MO · Payroll tax 2026
The true cost of hiring in Missouri
What a W-2 employee actually costs an employer in Missouri— and how that compares to a 1099 contractor — with the state's real 2026 unemployment-insurance rates built in.
For a new employer in Missouri, the true cost of a W-2 hire runs higher than the salary line alone. State Unemployment Insurance (SUI) starts at 2.376% on the first $9,500 of each employee's wages — that is $226.22 in SUI exposure per worker before any other payroll burden lands. Stack federal FUTA, Social Security, Medicare, and workers' compensation on top, and a $60,000 salary hire realistically costs $65,000 to $68,000 all-in before benefits. Missouri's economy spans automotive and aerospace manufacturing in St. Louis and Kansas City, a substantial agricultural supply chain in rural counties, and growing logistics and distribution corridors anchored by the I-70 corridor. Those industries rely heavily on a mix of W-2 production workers and contracted specialists — a distinction Missouri regulators scrutinize under a common-law control test. Missouri does levy a state income tax on wages, so employers must handle state withholding on every paycheck. Getting the classification wrong on a 1099 contractor who should be a W-2 employee exposes the company to back unemployment taxes plus civil liability, making accurate classification a financial issue, not just a compliance formality.
Estimate a Missouri hire
Pre-filled with Missouri's 2.38% new-employer SUI rate. Adjust salary, benefits, and the 1099 rate to fit your hire.

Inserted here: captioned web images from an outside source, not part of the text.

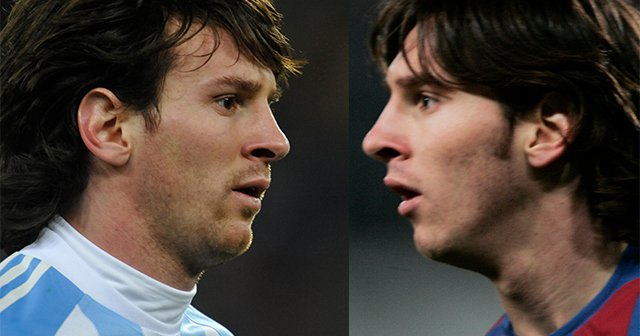 メッシが「W杯に出られない怖さ」を感じた日 バルサでの栄光と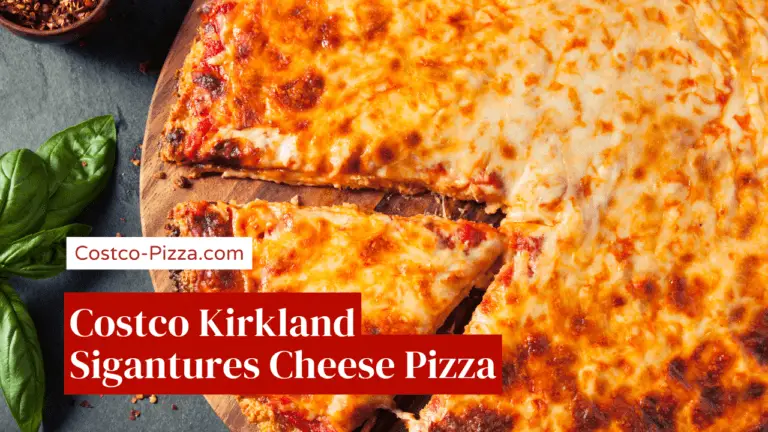 costco cheese pizza review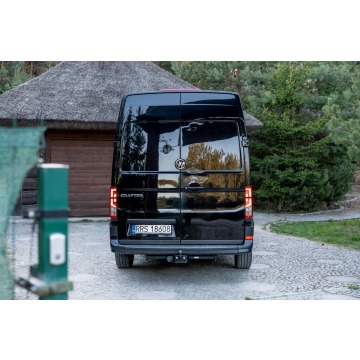 Volkswagen Crafter 2018,  2.0 diesel, automat - Na sprzedaż za 109 777 zł - Ropczyce - zdjęcie 6
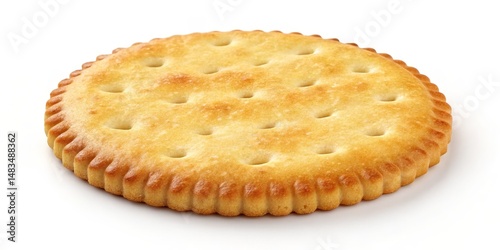 Round Cracker, High-Resolut...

Missouri employer tax facts
| Item | MO |
|---|---|
| New-employer SUI rate | 2.38% |
| SUI taxable wage base | $9,500 |
| Federal FICA (employer) | 7.65% |
| FUTA | 0.6% |
| State income tax on wages | Yes |
| Worker classification test | Common-law control test |
Example: a $75,000 hire in Missouri
At a $75,000 base salary with typical benefits, a W-2 employee in Missouri costs an employer $99,305 per year — $24,305 above base pay. An equivalent 1099 contract at $75,000 would cost $24,305 less; the breakeven contract rate is $99,305.
Misclassification risk in Missouri
Test: Common-law control test
Common-law test; back UI taxes and civil liability.
Penalties by stateCompare nearby rates
Missouri's 2.38% new-employer SUI rate sits near Hawaii (2.4%), Oregon (2.4%), Wyoming (2.35%), Indiana (2.5%). See the full 51-state comparison or the 2026 employer payroll tax reference.
Missouri hiring-cost FAQ
- What SUI rate does a new employer pay in Missouri, and on how much of each employee's wages?
- New Missouri employers pay a State Unemployment Insurance rate of 2.376% on the first $9,500 of each worker's wages per year, for a maximum annual SUI cost of $226.22 per employee. Once a worker's wages exceed $9,500, no additional SUI is owed for that calendar year.
- Does Missouri tax employee wages at the state level, and what does that mean for payroll?
- Yes, Missouri imposes a state income tax on wages, so employers must withhold Missouri state income tax from every W-2 paycheck and remit it to the Department of Revenue. This adds a withholding administration obligation that does not exist in the handful of states with no income tax.
- What happens if Missouri finds that a worker classified as a 1099 contractor should have been a W-2 employee?
- Missouri applies a common-law control test to determine worker status; if the state concludes a contractor was misclassified, the employer faces back unemployment insurance taxes plus civil liability. That exposure covers all periods the worker was incorrectly treated as independent, which can compound quickly for long-term engagements.